21 December, 2020
7 Min Read
Analysis of Healthcare in India
India’s health care is a dark echo chamber.
It is 70% private and 30% public in a country where 80% people do not have any protection for health and the out of pocket expense is as high as 62% (i.e Government does not bear much for public healthcare).
With public spending at 1.13% of GDP and a huge shortage of healthcare workers particularly nurses and midwives, policy moves and plans appear like a sound in emptiness.
The novel coronavirus pandemic has revealed the mismatch between the overwhelming presence of the not so well to do and private health care with its revenue modelling that borders more on greed and rent gouging.
The fact is 85% of the population cannot afford high cost, corporate private health care.
While too little is being done too slowly to have any impact, private hospitals gain under the social insurance scheme in the interregnum.
Even with avowedly 12 crore card holders under Ayushman Bharat, only 1.27 crore people have taken advantage of the scheme.
In health economics,where competitive equilibrium often does not exist, the behaviour of a private corporate hospital is skewed in favour of profitability. Any attempt to cover the non poor and the rich will result in advantageous selection for those better-off crowding out the poor.
India’s health problem has a 80:20 rule; 20% of people can afford modern health care, 40% cannot afford it at all and the other 40%, the so called non-poor, pay with difficulty.
Because of the problem of access, affordability, absence of quality manpower and the rent seeking behaviour of staff, more than 80% of people routinely reach Registered Medical Practitioners who are not trained to treat patients. But they routinely prescribe antibiotics and steroids for quick relief.
The country could be sitting on a dormant volcano of antibiotic and steroid immunity.
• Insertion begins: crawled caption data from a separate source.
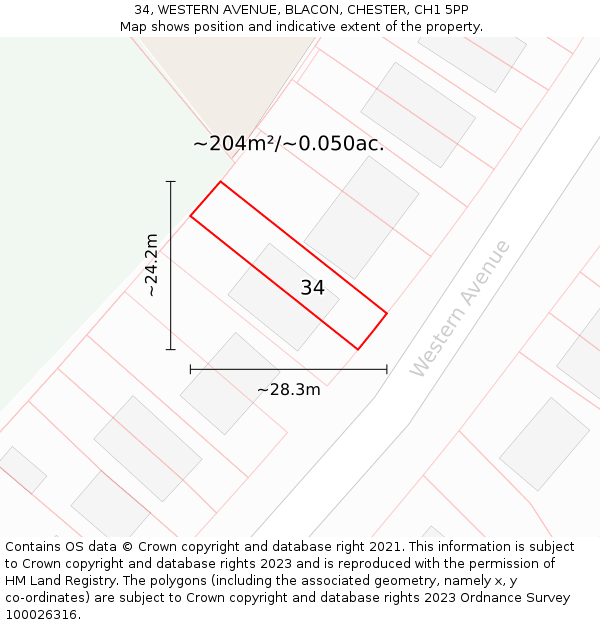 34, WESTERN AVENUE, BLACON, CHESTER, CH1 5PP: Plot and title map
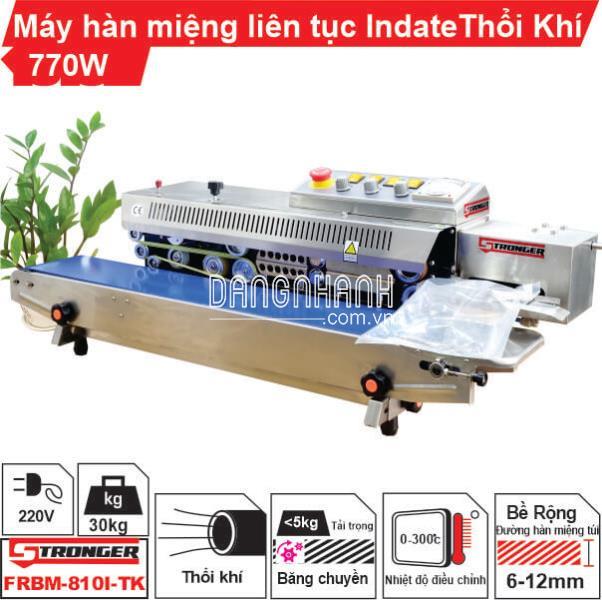 Máy hàn miệng túi liên tục thổi khí có in date STRONGER FRBM-810I-TK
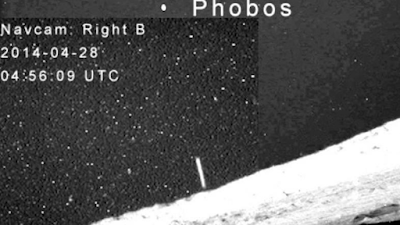Navcam On Phobos shows a UFO in the shape of a tube or cigar.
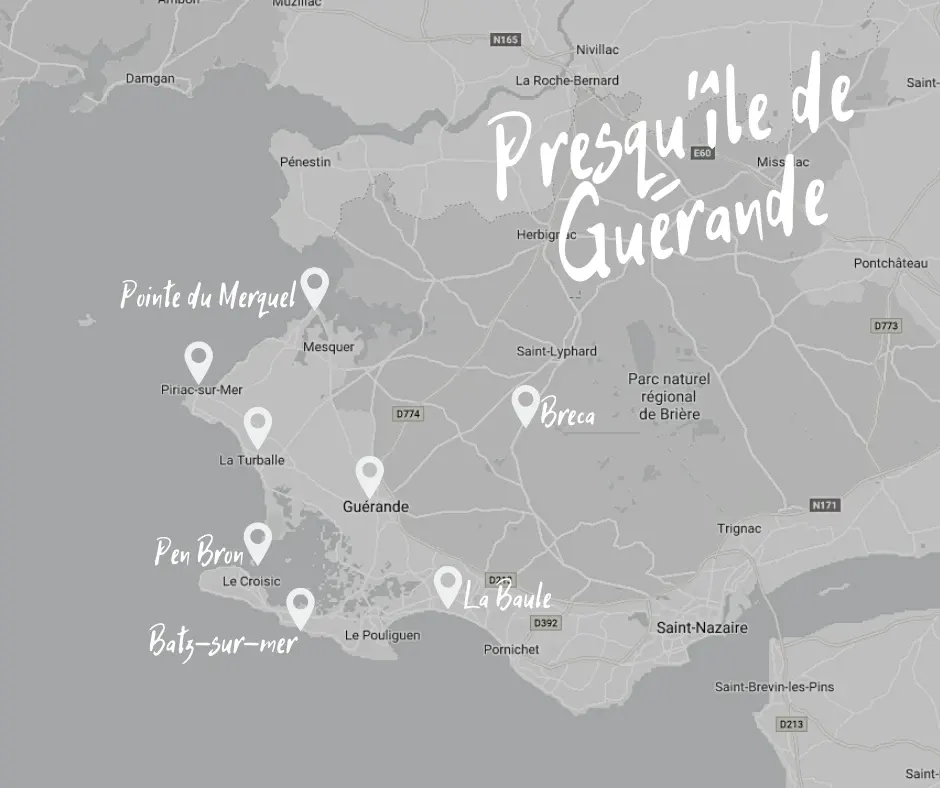 Illustrated map of the Guérande peninsula and its stops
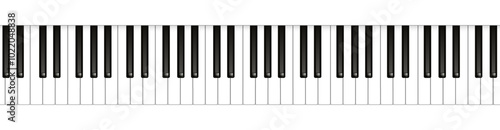 Piano keyboard. Top view. Vector piano keys. Music instrument. EPS 10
There are three options here. Ramp up the number of doctors with counterpart obligation to serve in rural areas.
Second is to revive the Licentiate Medical Practitioner as we had before Independence in the rural areas.
The third one is to empower graduates of BSc (Nursing) to benursing practitioners .
While the primacy of primary health care is emphasised by everyone, work on the ground does not bear it out. Admittedly, it is the critical piece of health care but government funding is disturbingly skewed against it.
Primary healthcare should receive three times more allocation in the budget and doctor and paramedic strength should be doubled merely on the basis of population increase.
But the most important thing is that States should be incentivised to carry out the appointments of health workers and doctors.
The ratio of 0.6 nurses per doctor while the World Health Organization specification is three nurses per doctor.